_Description of the task_:
What you return must match the records exactly, except that the pictures are gone.

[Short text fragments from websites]
━━━━
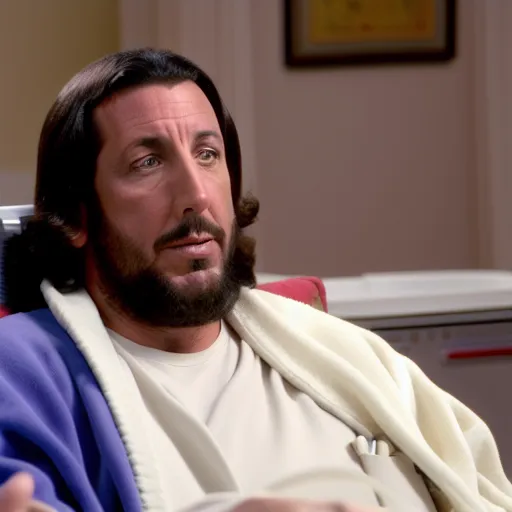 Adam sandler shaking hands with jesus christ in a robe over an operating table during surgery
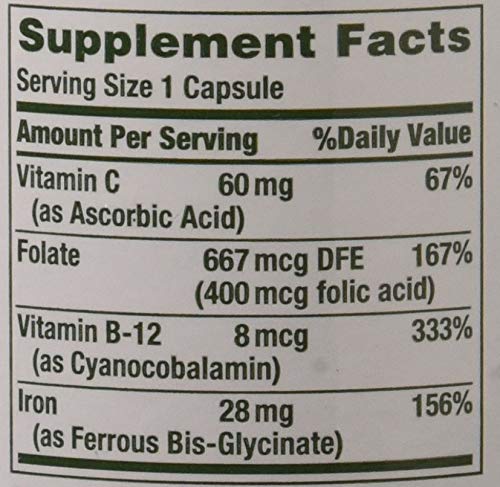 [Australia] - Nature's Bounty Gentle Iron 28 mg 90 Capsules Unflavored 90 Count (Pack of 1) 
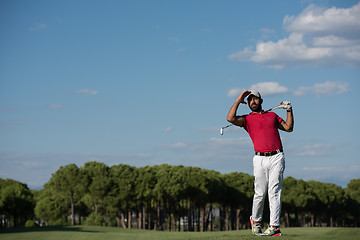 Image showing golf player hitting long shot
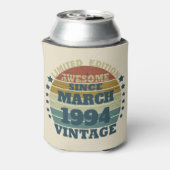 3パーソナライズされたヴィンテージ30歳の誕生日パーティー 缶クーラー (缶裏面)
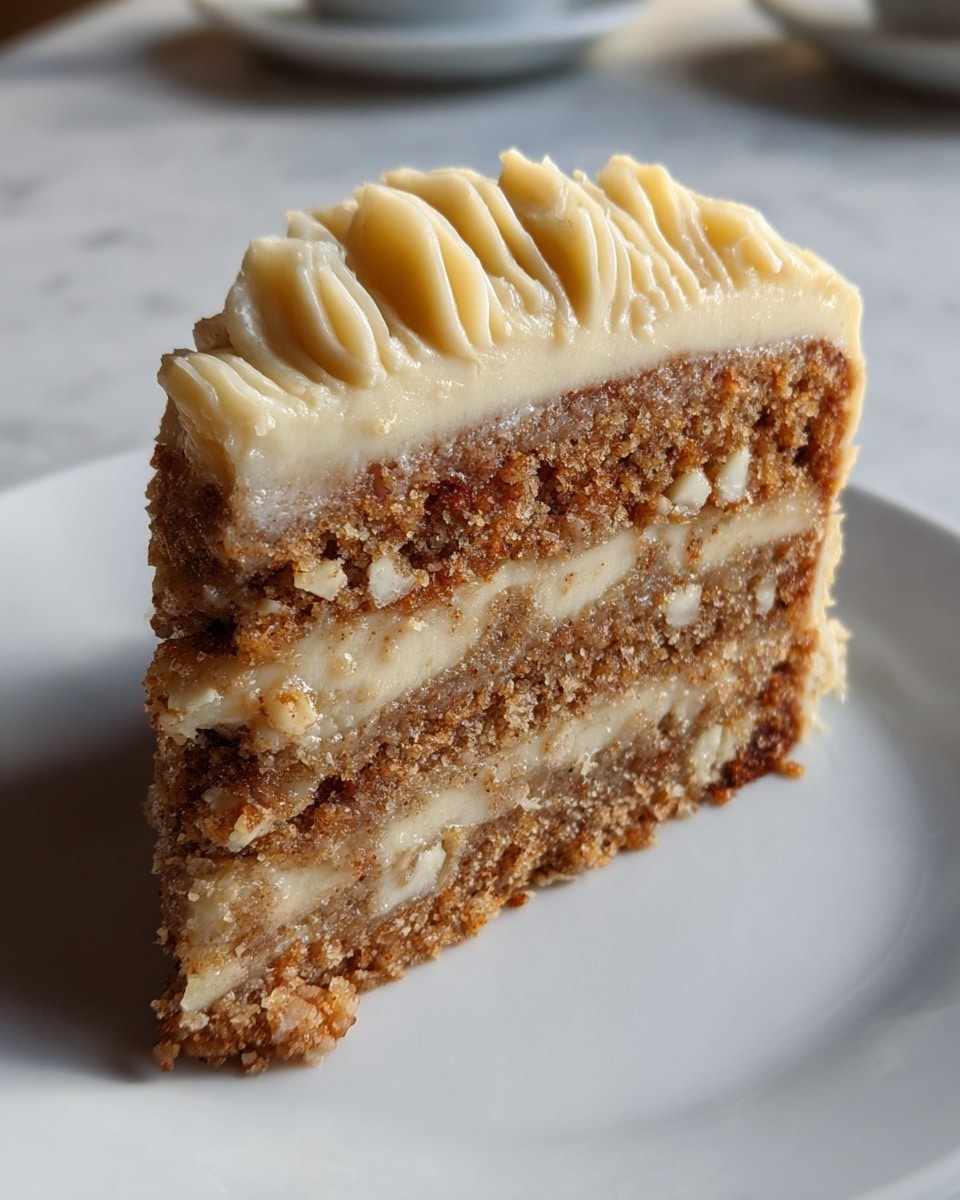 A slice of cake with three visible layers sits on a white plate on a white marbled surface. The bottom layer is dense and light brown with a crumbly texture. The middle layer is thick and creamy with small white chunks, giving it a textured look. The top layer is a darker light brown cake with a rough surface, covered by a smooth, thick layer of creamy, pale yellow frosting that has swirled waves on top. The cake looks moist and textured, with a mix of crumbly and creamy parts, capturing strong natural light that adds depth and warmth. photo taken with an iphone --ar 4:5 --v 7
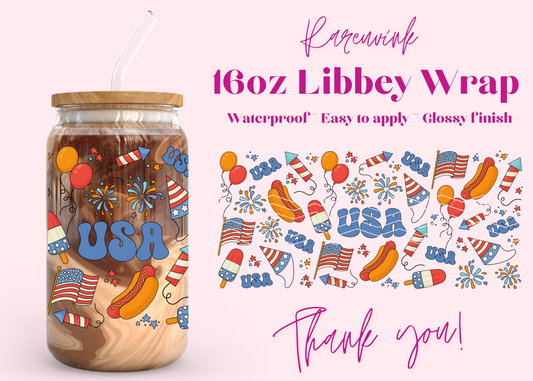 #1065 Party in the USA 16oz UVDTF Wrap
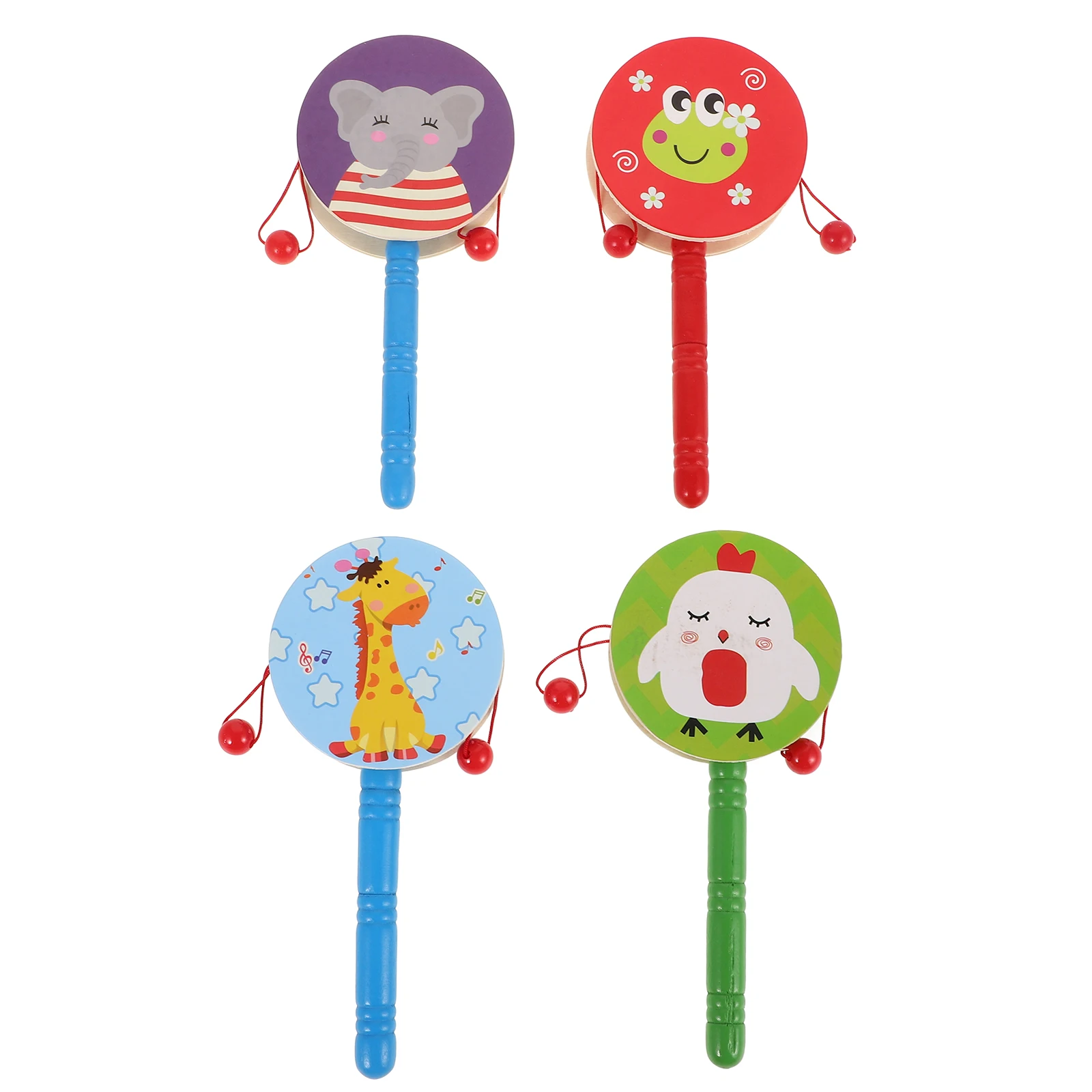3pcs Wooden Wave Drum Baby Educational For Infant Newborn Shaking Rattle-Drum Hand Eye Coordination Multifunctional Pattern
━━━━
_Answer_:
 Adam sandler shaking hands with jesus christ in a robe over an operating table during surgery
 [Australia] - Nature's Bounty Gentle Iron 28 mg 90 Capsules Unflavored 90 Count (Pack of 1) 
 Image showing golf player hitting long shot
 3パーソナライズされたヴィンテージ30歳の誕生日パーティー 缶クーラー (缶裏面)
 A slice of cake with three visible layers sits on a white plate on a white marbled surface. The bottom layer is dense and light brown with a crumbly texture. The middle layer is thick and creamy with small white chunks, giving it a textured look. The top layer is a darker light brown cake with a rough surface, covered by a smooth, thick layer of creamy, pale yellow frosting that has swirled waves on top. The cake looks moist and textured, with a mix of crumbly and creamy parts, capturing strong natural light that adds depth and warmth. photo taken with an iphone --ar 4:5 --v 7
 #1065 Party in the USA 16oz UVDTF Wrap
3pcs Wooden Wave Drum Baby Educational For Infant Newborn Shaking Rattle-Drum Hand Eye Coordination Multifunctional Pattern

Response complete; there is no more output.